If you upsample the 44.1khz signal to double the sample rate, 88.2khz, now your filter needs to only be at 44.1khz (at half 88.2) for Shannon-Nyquist perfection. And since we know that we actually only care about frequencies up to 20kz, now we have lots of room - we can use a low-pass filter with a gentle downward slope between ~20khz to ~44.1kz, an easy filter to make that doesn't distort things.

This solves the problem of making nice easy low-pass filters, but introduces a new problem - the interpolated samples are not a prefect match to the real waveform, because they have to be approximated. So now you have tons of work around designing these upsampling interpolation algorithms (that are also called "filters", godammit). All of the "DAC in a chip" DACs have to do these computations using limited silicon. Higher end stuff may have a dedicated cpu for the interpolation - for example Mike Moffat (@baldr) of Schiit worked together with some other impressive academics to create their own unique "closed form" filter that runs in a DSP chip. ("Closed form", as far as I understand it, which may be wrong, is a mathematical term that means that despite upsampling the original wave into a new wave that is an approximation of the original, they can still recover the original digital samples after their filter is done, before moving on to the bit->voltage conversion stage.)

Thus, the only real weakness of the Redbook 44.1khz sample rate is that it is so tight to the frequency limit we care about (20khz) that it made it hard to build DACs, due to the steep filter requirement. If the standard had been 88.2khz, or 96khz, we wouldn't have a more accurate digital representation of our music. The wave form in either case can theoretically come out perfect - but it would have benefited us by making the job of building the low pass filter easy, and thus eliminated the need for tricks like oversampling.

Briefly, on bit-depth: In short, bit depth translates into two things - the maximum dynamic range that can be expressed numerically, and noise from the quantization error of the discrete digital bit quantities. 16 bits gives 96db in dynamic range and the quantization noise floor is in theory inaudible... but this is arguable. The higher the bit-depth the more dynamic range, and the lower the noise floor. Technically, CD audio's 16 bit depth is pretty good - for example it exceeds the technical capabilities of vinyl by a wide margin. So, that said, increasing bit depth _does_ mathematically improve the audio signal, mostly by lowering noise floor, so there is some basis for arguing that greater bit depth is better.

Psalmanazar · Jul 16, 2016

If Sony and Philips wanted something higher than thant44.1khz (the highest sample rate compatible with NSTC and PAL VCR tapes), affordable digital audio wouldn't have happened until well into the 90s as DAT was only invented in 1987 and didn't replace PCM VCR adaptors until the nineties. then you have another five years or so for CDs to sound good as CDs and then more time for good DACs to trickle down from the pros to audiophiles to consumers.

schiit · Jul 16, 2016

Careful about "perfect reconstruction" claims. Shannon/Nyquist only applies if there is no quantization error.
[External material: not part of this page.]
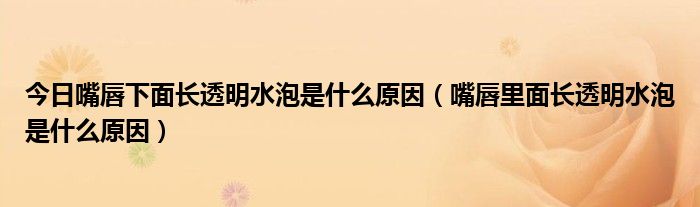 今日嘴唇下面长透明水泡是什么原因（嘴唇里面长透明水泡是什么原因）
Or, in more understandable terms, when there's an infinite number of bits.

Huh?

With 16-bit audio, there are only 65,535 discrete levels that can be encoded when sampling. Samples can fall in-between levels, so the stored value is not exactly the same as the original value. This is known as "quantization error." No matter how perfect the filter, you will always have quantization error--this is baked in, permanently, to the digital recording. With quantization error as part of the equation, you can never have perfect reconstruction.
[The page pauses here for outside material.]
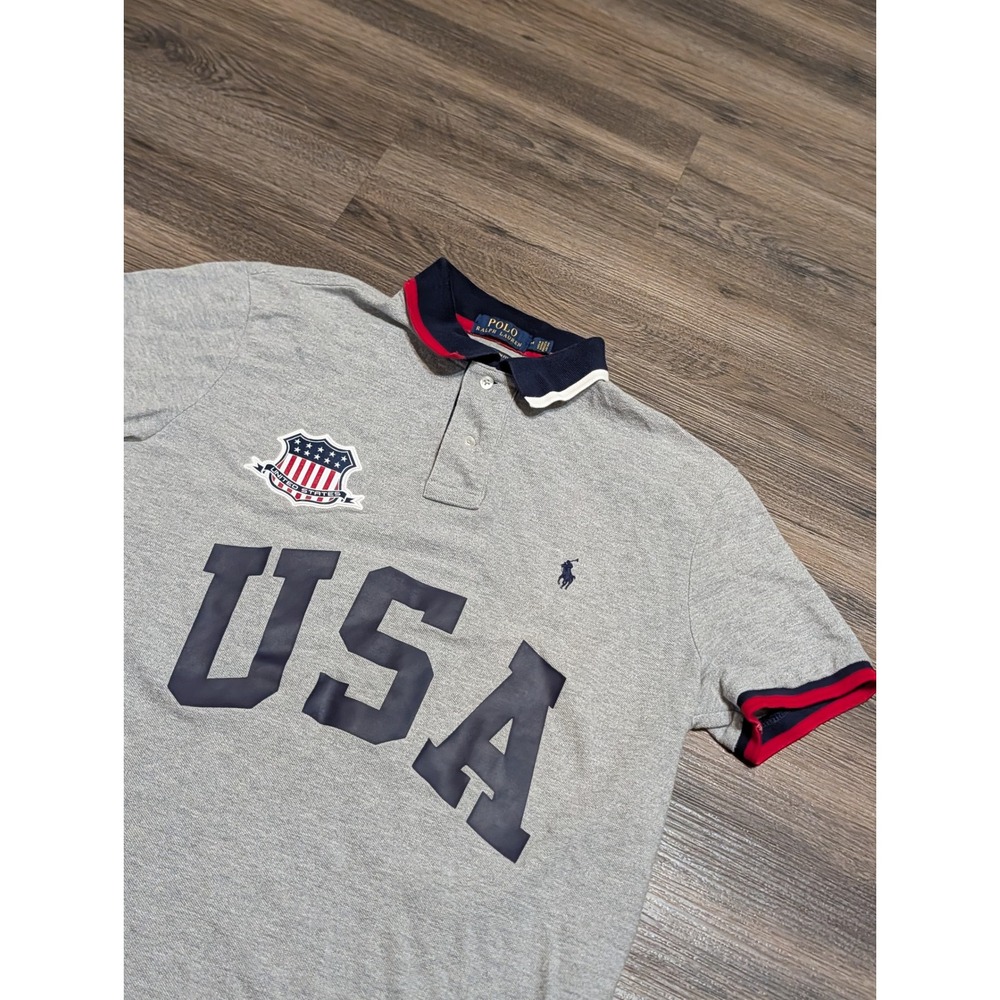 Polo Ralph Lauren Mens USA Graphic Polo Shirt Gray Slim Fit Short Sleeve Medium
This is why 20/48 (as a digital audio format) would be much more meaningful than, say, 16/384. Encoding with 20 bits dramatically reduces the embedded quantization error of the recording, because 20 bits gives you over 1 million levels to choose from, rather than 65 thousand. Encoding at 16 bits, no matter the rate, does nothing to reduce the embedded error of the recording--all it does is make the filtering easier.

And yes, ideally, you'd want 20/96 or 24/96 to both decrease quantization error and ease the filter requirements...but if you have to choose one, choose more bits.

lm4der · Jul 16, 2016

schiit said: ↑

Careful about "perfect reconstruction" claims. Shannon/Nyquist only applies if there is no quantization error. Or, in more understandable terms, when there's an infinite number of bits.

Huh?

With 16-bit audio, there are only 65,535 discrete levels that can be encoded when sampling. Samples can fall in-between levels, so the stored value is not exactly the same as the original value. This is known as "quantization error." No matter how perfect the filter, you will always have quantization error--this is baked in, permanently, to the digital recording. With quantization error as part of the equation, you can never have perfect reconstruction.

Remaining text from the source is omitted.